Britain gears up for $200b green shift

Gordon Brown says the UK must work to innovate in the field of alternative energy. (Reuters: David Moir)

As the Federal Government wrestles with the implementation of a national emissions trading scheme, the British Government is preparing for what it says is the biggest shake up in power generation since the Industrial Revolution.

The nation will have to spend the equivalent of more than $200 billion to ensure that renewable energy makes up 15 per cent of the UK's requirements in less than 12 years time.

The Government admits the plan is going to cost Britons more, but it says the price of inaction would be far greater.

Put simply it is a massive challenge. At the moment 5 per cent of British electricity comes from renewable sources like solar and wind power.

But to comply with European Union (EU) law, Britain needs one third of its electricity generation to come from renewables by the year 2020. That should mean energy use as whole could reach the 15 per cent renewables target.

Prime Minister Gordon Brown has a big task trying to persuade voters that as much as 1 per cent of GDP should be spent on this transformation.

Mr Brown says he wants the move to be part of recreating a Britain that is seen as "a beacon of innovation and wealth creation".

"Indeed, just as America led the way in the industrial age, creating a mass of high-paying blue-collar jobs, I want Britain to lead the way in the environmental age, creating new green-collar jobs," he said.

The Government acknowledges that as the nation spends as much as $200 billion on this green revolution, fuel costs will rise for everyone.


Costs, benefits


So they are concentrating on the positives. Marine renewables could contribute $2 billion a year to the economy, creating 160,000 green-collar jobs over a decade.

But Britain needs something like a new North Sea oil rush, building as many as 7,000 new wind turbines. There are not enough suppliers worldwide to meet that demand right now, let alone enough ships, cable suppliers or skilled workers.

Business Secretary John Hutton acknowledges that there is a cost involved in going green.

"I'm not going to pretend otherwise. The document we're publishing today actually tries to set that out," he said.

"But there's a greater cost if we don't, because we'd have to then factor in the climate change cost, the economic and social cost too."

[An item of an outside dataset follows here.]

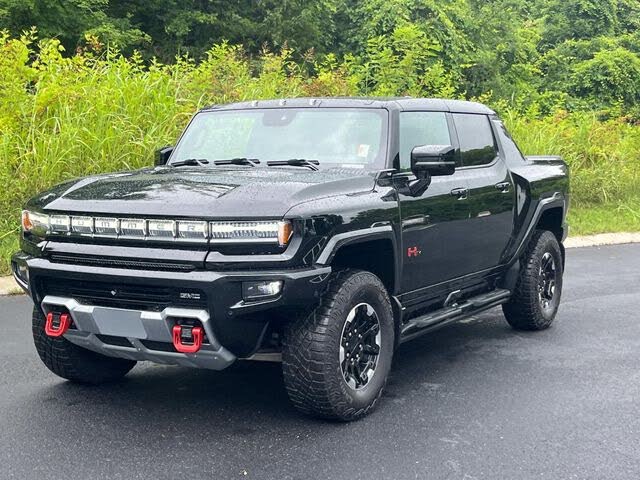2024 GMC Hummer EV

He says that the challenge for governments around the world is to promote energy efficiency while managing demand intelligently.

"We've got to provide more help if we can to low income families, particularly those with young children, to meet the rise in costs of energy," he said.

"We have little real choice - the option of making no change, I'm afraid, is simply not available to us."


Green enforcement


The Government would also need new laws to force people to improve the energy efficiency of their homes and to lift the number of homes with solar heating equipment from the current 90,000 to 7 million.

That would mean the equivalent of one solar heating system in every four houses.

Steve Webb from the third political party, the Liberal Democrats, is sceptical about the plans.

He says the UK is one of the worst European environmental performers.

"I think the vision is great, the goals are tremendous, but I don't know whether we can believe a word of it," he said.

"Not that Britain doesn't have wind or doesn't have waves or doesn't have daylight.

We have all of these things in abundance and that's why it's all the more extraordinary we're so far behind the rest of Europe."

Industry says the national electricity grid would need a massive expansion to help carry the new sources of renewable power.



Adapted from an AM report by Rafael Epstein.